As tens of thousands of protesters took to the streets of Egypt’s major cities again on Sunday, the United States are wondering what impact the unrest and possible regime change could have on American foreign policy in the region. For thirty years, Egypt has been a factor of stability in the Middle East and it continues to play an instrumental role in both advancing the Israeli-Palestinian peace process and containing Iran.
President Barack Obama responded to the demonstrations after speaking with his Egyptian counterpart by phone on Friday night. He said that the Egyptian people are entitled to determine their own destiny and he denounced the violence. “Violence will not address the grievances of the Egyptian people,” he said.
And suppressing ideas never succeeds in making them go away. What’s needed right now are concrete steps that advance the rights of the Egyptian people: a meaningful dialogue between the government and its citizens and a path of political change that leads to a future of greater freedom and greater opportunity and justice for the Egyptian people.
The United States have much at stake in Egypt.
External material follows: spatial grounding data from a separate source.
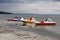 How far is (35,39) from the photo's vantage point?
75.0ft

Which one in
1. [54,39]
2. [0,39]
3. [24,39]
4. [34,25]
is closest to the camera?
[0,39]

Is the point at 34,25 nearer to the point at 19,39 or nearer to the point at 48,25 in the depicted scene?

Every year, Washington invests several billions of dollars in the country, much of which is allocated to sustaining Egypt’s armed forces which are among the strongest in the region.
The protests thus pose a dilemma for Washington where officials are unsure whether to embrace them as the rising of a democratic vanguard or signs of temporary unrest that will eventually be suppressed by the regime.
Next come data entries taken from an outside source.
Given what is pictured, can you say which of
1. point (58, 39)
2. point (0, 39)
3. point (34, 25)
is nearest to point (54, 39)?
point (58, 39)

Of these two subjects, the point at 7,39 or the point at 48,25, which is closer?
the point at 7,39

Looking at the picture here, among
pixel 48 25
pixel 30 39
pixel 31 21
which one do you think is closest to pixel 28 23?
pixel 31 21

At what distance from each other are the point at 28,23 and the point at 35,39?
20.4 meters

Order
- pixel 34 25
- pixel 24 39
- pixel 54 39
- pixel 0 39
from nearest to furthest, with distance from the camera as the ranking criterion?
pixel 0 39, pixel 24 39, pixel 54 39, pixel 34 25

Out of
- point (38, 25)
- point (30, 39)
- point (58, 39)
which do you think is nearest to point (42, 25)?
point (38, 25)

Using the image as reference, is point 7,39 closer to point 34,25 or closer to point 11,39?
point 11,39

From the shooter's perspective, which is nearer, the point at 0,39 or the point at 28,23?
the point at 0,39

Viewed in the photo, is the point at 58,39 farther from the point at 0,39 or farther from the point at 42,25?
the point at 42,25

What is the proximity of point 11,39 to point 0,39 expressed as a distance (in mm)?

The situation is complicated by the presence of the Muslim Brotherhood, which is Egypt’s largest opposition movement despite being officially banned. Some observers believe that the organization has moderated in recent years but formally, it continues to support the implementation of Islamic law.
Secretary of State Hillary Clinton responded to such worry on Fox News Sunday where she professed that the United States “want to see an orderly transition so that no one fills a void” of political power. “We don’t want to see some takeover that would lead not to democracy but to oppression,” she added.
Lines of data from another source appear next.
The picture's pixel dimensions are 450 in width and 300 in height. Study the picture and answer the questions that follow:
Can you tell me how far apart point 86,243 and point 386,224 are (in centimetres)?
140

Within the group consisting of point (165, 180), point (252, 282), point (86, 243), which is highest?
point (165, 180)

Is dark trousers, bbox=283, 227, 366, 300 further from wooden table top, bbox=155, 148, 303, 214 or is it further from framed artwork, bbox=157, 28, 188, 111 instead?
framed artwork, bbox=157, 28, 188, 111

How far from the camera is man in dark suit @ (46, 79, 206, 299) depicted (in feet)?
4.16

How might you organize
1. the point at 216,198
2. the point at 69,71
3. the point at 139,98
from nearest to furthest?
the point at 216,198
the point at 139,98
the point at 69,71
While Clinton noted that the United States have been urging reform for decades, she wouldn’t condemn President Hosni Mubarak outright. His role in the peace process, she said, may have saved many lives, including Egyptian lives.
The secretary similarly recognized Mubarak’s contributions to regional stability on NBC’s Meet the Press but “much more has to be done,” she said.
On the same program former Middle East peace negotiator and ambassador to Israel for President Bill Clinton, Martin Indyk, noted the possible similarities with the Iranian Revolution of 1979. “We do not want to be on the wrong side of history like we were with the shah,” he said. America’s strong support for the monarch was partly responsible for the alienation that occurred between Iran and the United States once the ayatollahs took power.
Indyk wasn’t optimistic about the 82 year-old president’s chances. “The contact with his people has been broken,” he said. It cannot be put together again.” Indyk urged the military leadership as well as the former intelligence chief Omar Suleiman, whom Mubarak appointed vice president yesterday, to tell the president to resign and announce elections within six months.
Former head of the International Atomic Energy Agency Mohamed ElBaradei, who was placed under house arrest immediately after he returned to Egypt two days ago, agreed that the country needed “a government of national salvation, in coordination with the army.” He told ABC’s This Week that the United States should abandon Mubarak and “side with the people” instead.
According to ElBaradei, the Muslim Brotherhood is not an extremist organization. “They are no way using violence,” he said. “They are not a majority of the Egyptian people. They will not be more than maybe 20 percent of the Egyptian people.” ElBaradei believes that they have to be included in a future political arrangement nevertheless, like evangelic groups and religious orthodox are in other countries.